Too right. I agree with this. I think that the "field" of software has
generally gone in three directions.

1\. How do you compute it (or Thinking about it)? That's CS 2\. How do you
plan to build it (or Planning it)? That's Software Engineering 3\. Go build it
(or Doing it)! That's IT

Sadly, at least at my alma mater, the trend of keeping these three fields
separate has reversed. Instead, with budget cuts, the departments have merged
under the CS umbrella. I think this continues to push forward the layman idea
of these three things being equal because of how they are co-mingled -- but
really they are as separate of disciplines as Physics is from Road Paving.

Ideally the number of students and practitioners in each fields should be
distributed like a pyramid (a la any other engineering discipline). Most
people doing, fewer people planning, and even fewer people thinking.

>Also, "theory of computation" is an area of computer science theory. There is
much more to a CS curriculum than theory of computation.

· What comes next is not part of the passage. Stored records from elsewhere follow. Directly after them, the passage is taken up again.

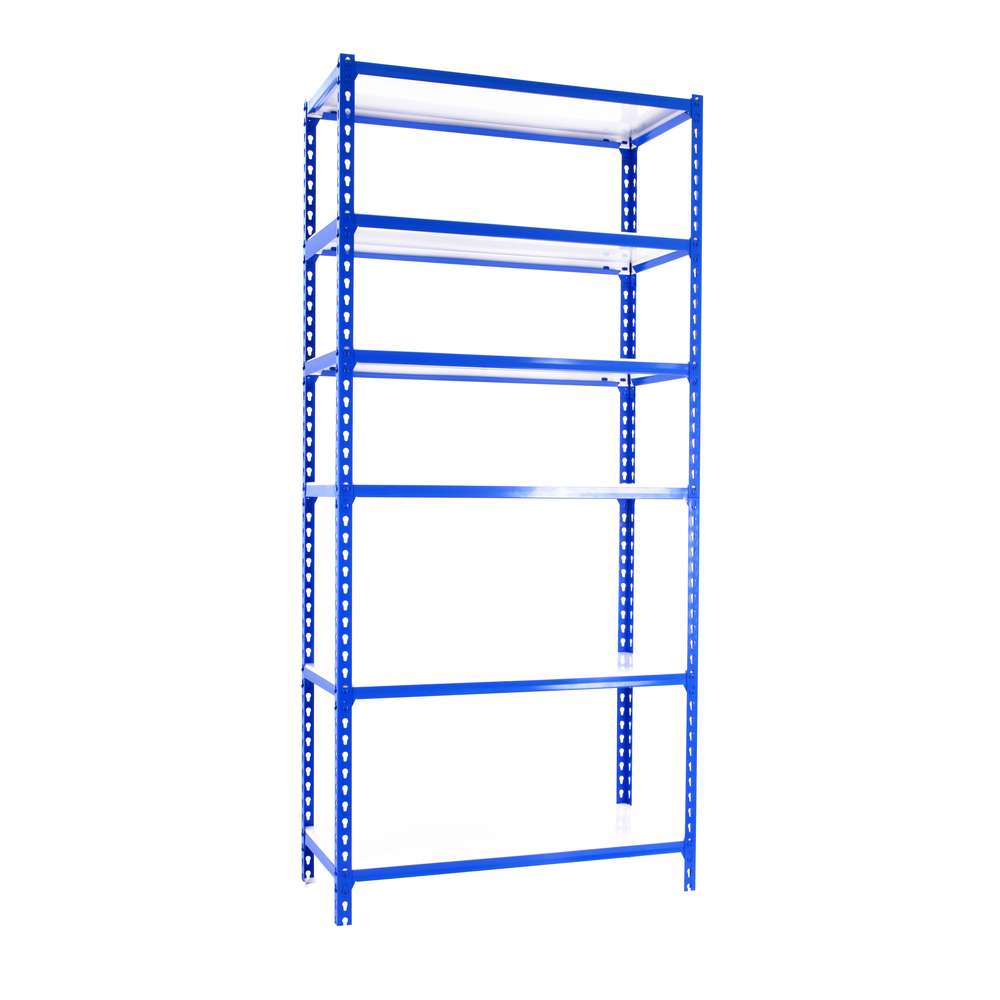 Rayonnage métallique léger sans vis 2500x1100x500 - 6 niveaux Bleu/Blanc - SIMON RACK - 8435104954140
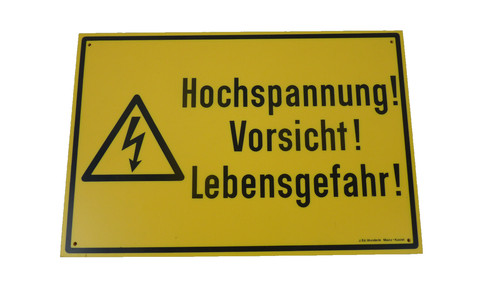 Schild hochspannung vorsicht - "hochspannung,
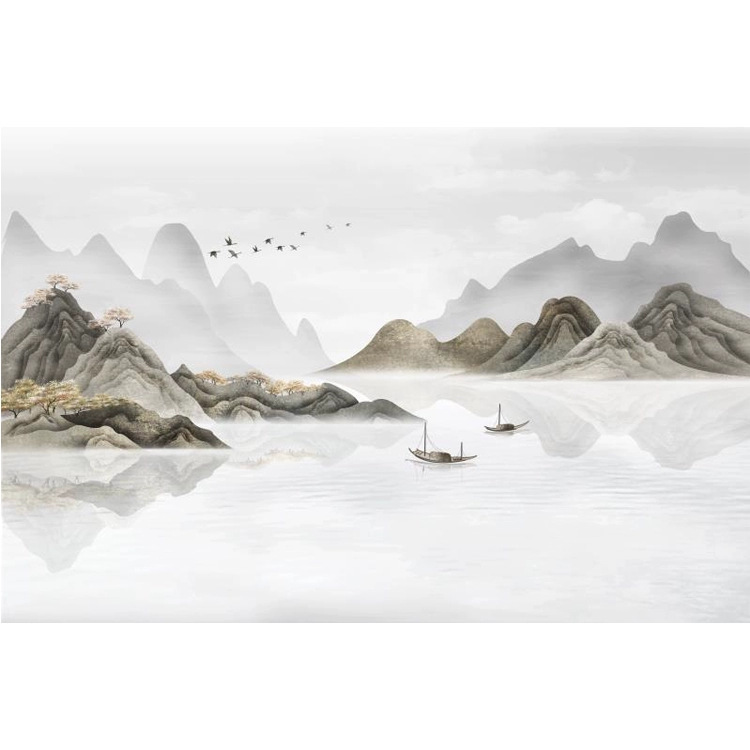3D Stereo New Chinese Ink Landscape Painting Wall Covering Living Room Tv Background Wall Sofa Wallpaper Film and Television Wall Covering Mural
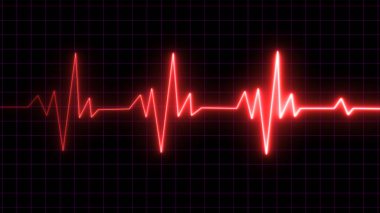 Kalp atışı. Elektrokardiyogram. EKG monitörü acil durumda. Elektrokardiyogram veya EKG. Yaşam çizgisi sona erdi. Vektör formunda parlak kalp atışları. Mavi, yanıp sönen neon bir kalp atışının tasviri. Neon bir kalbin atışı..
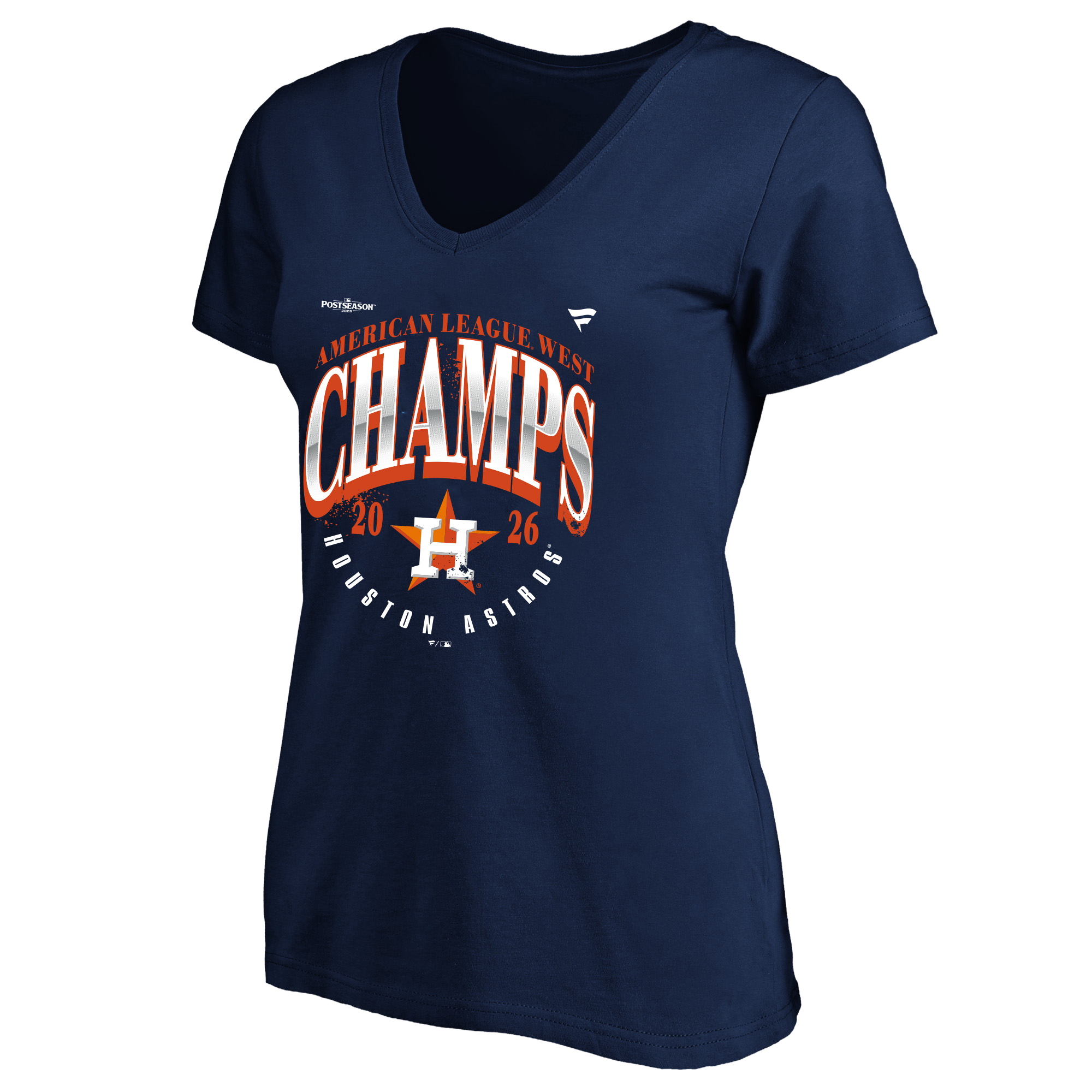 T-shirt à col en V grande taille Fanatics Navy Houston Astros Champions de la division Ouest l'AL 2026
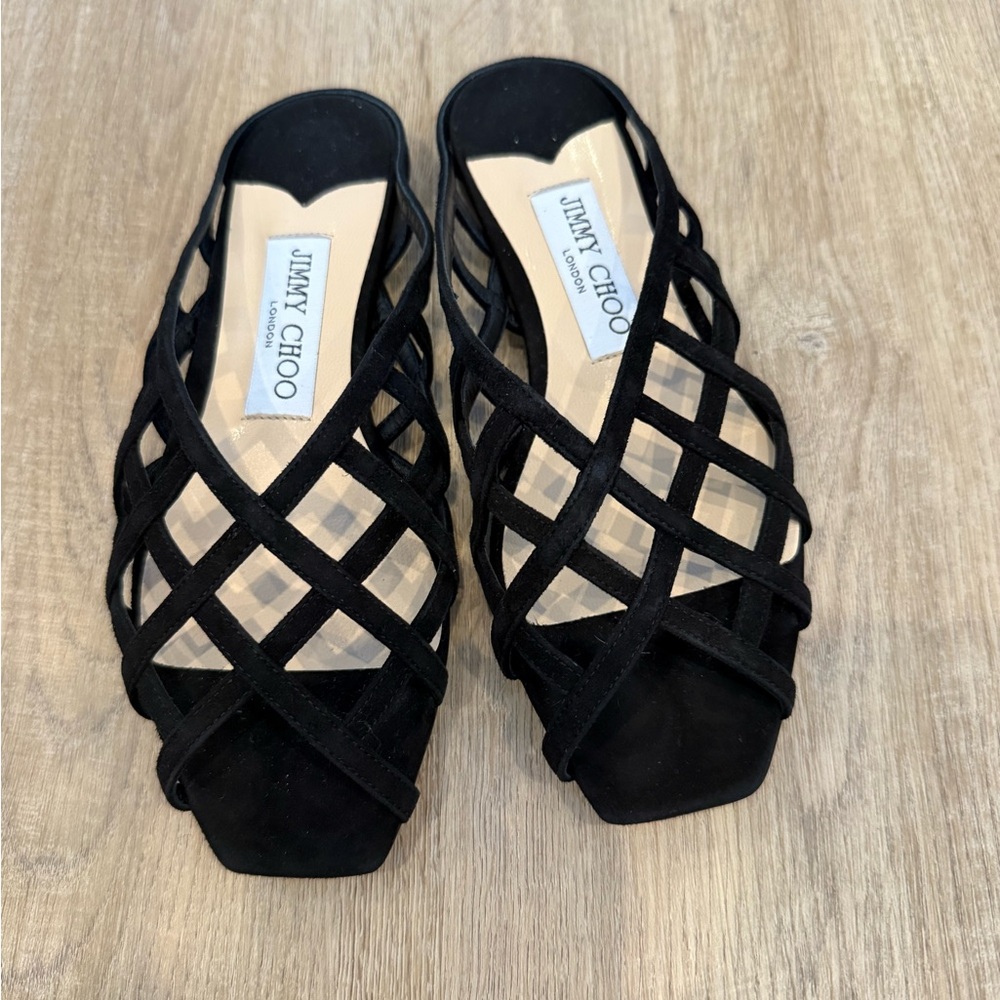 Jimmy Choo Black Sai Mules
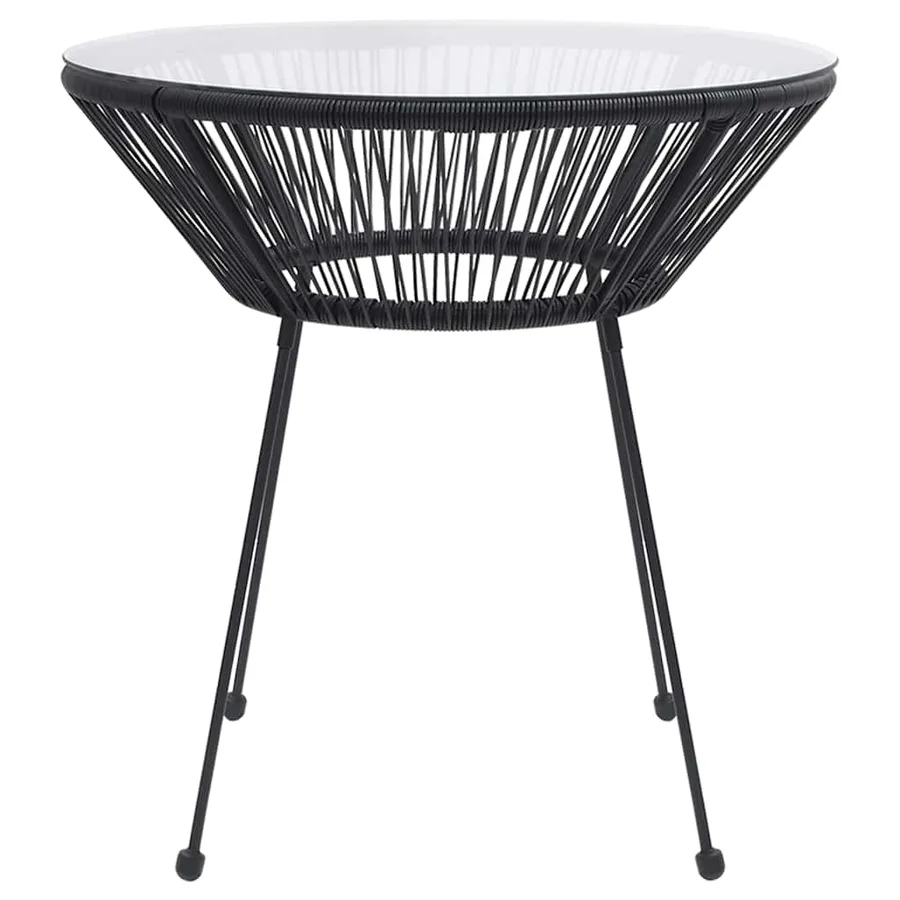 Ensemble à manger de jardin 3 pcs Noir - 5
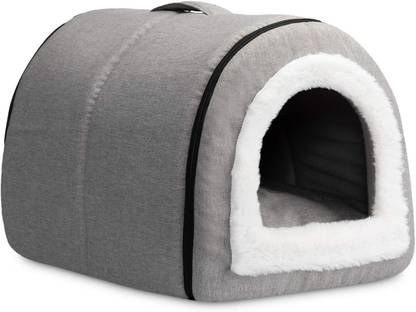 Taococo 2 in 1 Washable,Foldable Dog Portable Bed with Removable Cushion(Grey,Large) Dog House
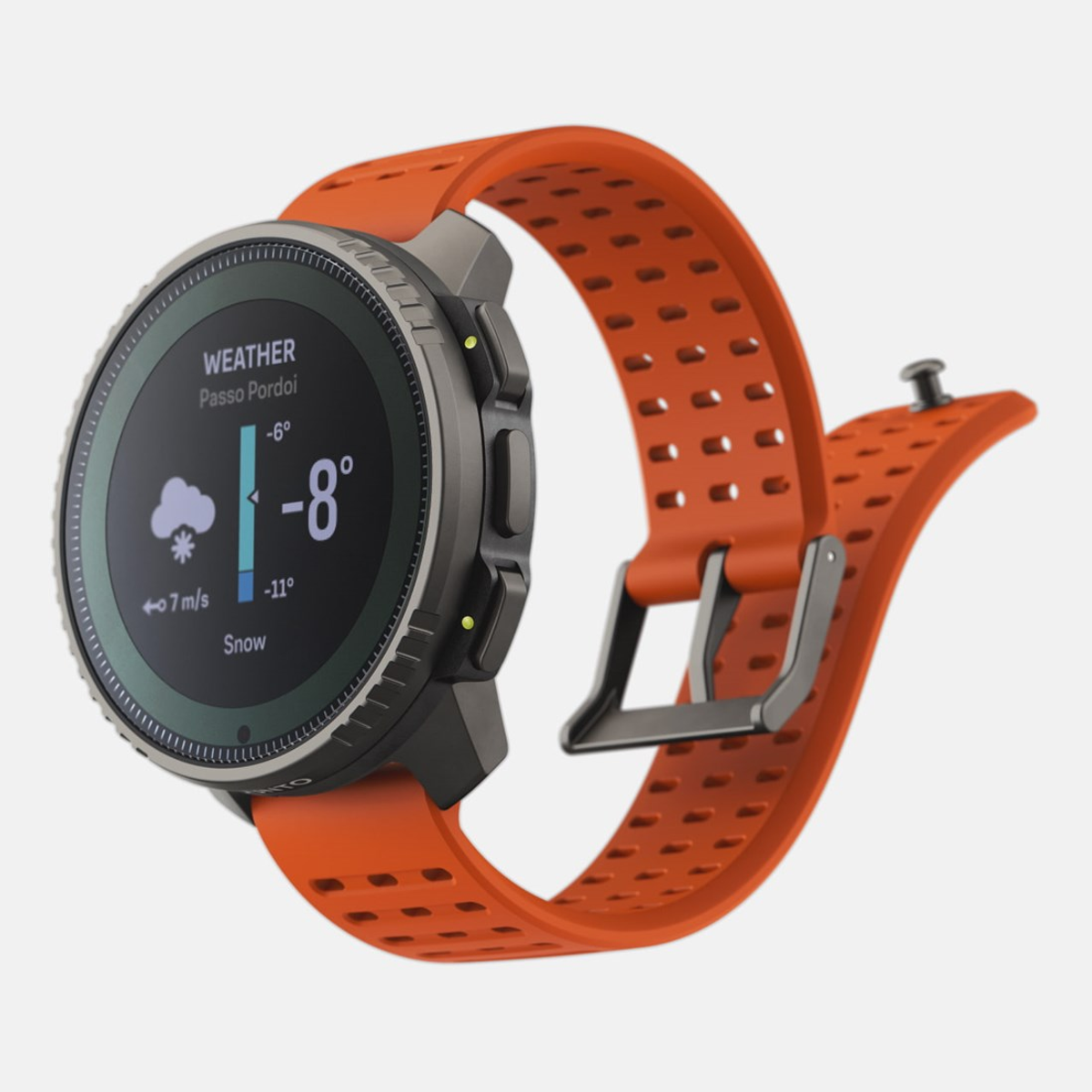 Smartwatch Suunto z pomarańczowym paskiem, pokazujący dane pogodowe i temperaturę.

I guess I also agree with this. I've always chafed at calling Computer Science
the "Science of Computing" though since it's not a science in the classical
sense. But everything I ever learned in my undergrad (not counting unrelated
curriculum coursework) was definitely related to "computing" in even a loose
sense of the term. I just don't think calling it the discipline of "computing"
makes it any more clear since "computing" - the act of using a computer (like
a Mac) and "computing" the act of performing computations, are easily
confused. The "Theory of Computing" has always seemed to have the best balance
while providing context for "computing". But I'm open to accepting other 2
word descriptions ;)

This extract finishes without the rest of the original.